Creae a simple help function to wrap the restful endpoint call:

In [None]:
import urllib.request
import json

from PIL import Image
from torchvision.transforms import functional as F
import numpy as np


def service_infer(url, body, api_key):
    headers = {'Content-Type':'application/json', 'Authorization':('Bearer '+ api_key)}

    req = urllib.request.Request(url, body, headers)

    try:
        response = urllib.request.urlopen(req)

        result = response.read()
        return result

    except urllib.error.HTTPError as error:
        print("The request failed with status code: " + str(error.code))

        # Print the headers - they include the requert ID and the timestamp, which are useful for debugging the failure
        print(error.info())
        print(json.loads(error.read().decode("utf8", 'ignore')))

### Test a Few Examples

In [None]:
url = 'http://obj-seg-predictor-default.default.10.217.119.227.xip.io/v1/models/obj-seg:predict' # replace with url from your deployment
api_key = ''  

img_nums = ["00001","00002"]
image_paths = ["PennFudanPed\\PNGImages\\FudanPed{}.png".format(item) for item in img_nums]
image_np_list = []
for image_path in image_paths:
    img = Image.open(image_path)
    img.show("input_image")
    img_rgb = img.convert("RGB")
    img_tensor = F.to_tensor(img_rgb)
    img_np = img_tensor.numpy()
    image_np_list.append(img_np.tolist())

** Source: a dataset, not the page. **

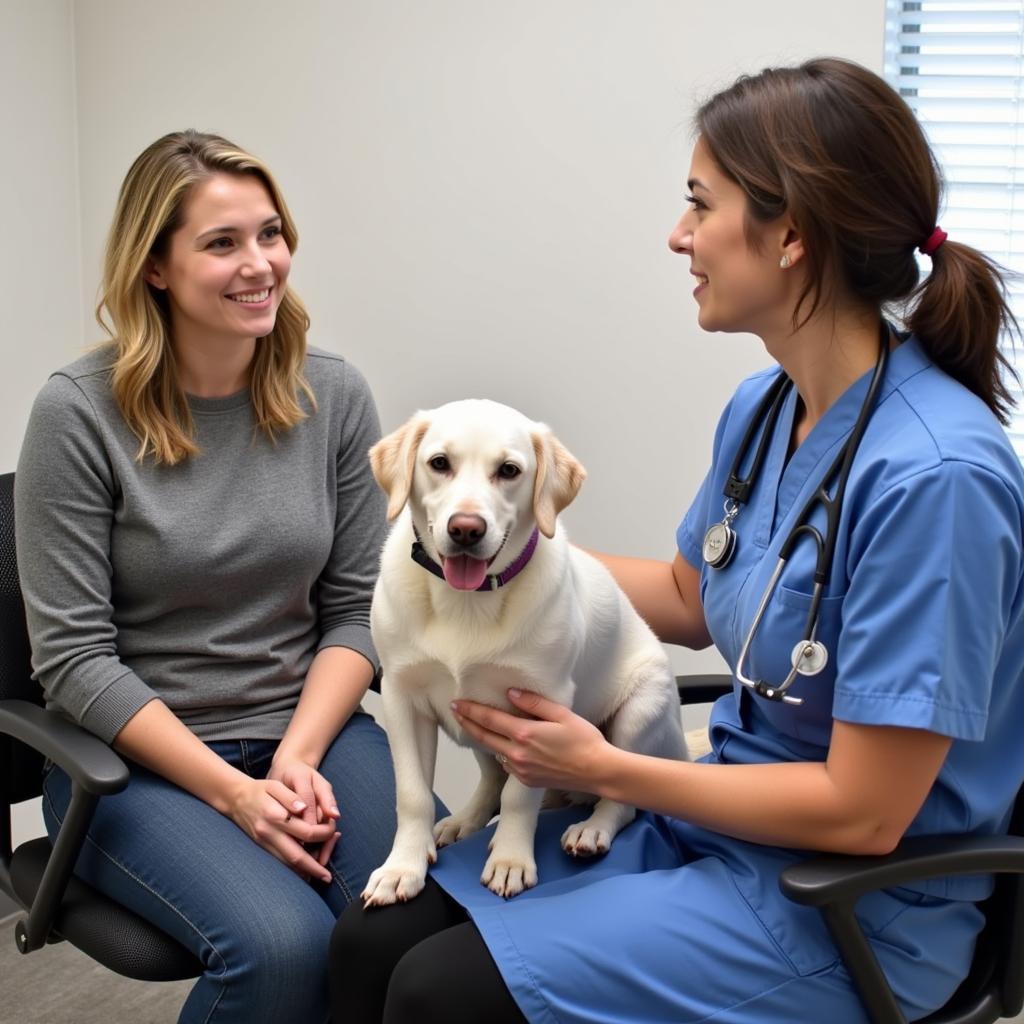 Pet owner discussing their pet's health with a veterinarian in Dickson, TN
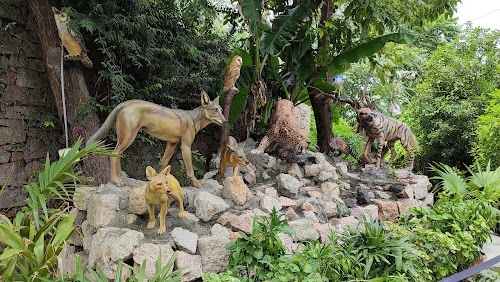 Nocturnal zoo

request = {"instances": image_np_list}
inputs = json.dumps(request)

body = str.encode(inputs)
resp = service_infer(url, body, api_key)
p_obj = json.loads(resp)

# put the model in evaluation mode
for instance_pred in p_obj["predictions"]:
    image_data = instance_pred["masks"]
    img_np = np.array(image_data)
    output = Image.fromarray(img_np)
    output.show()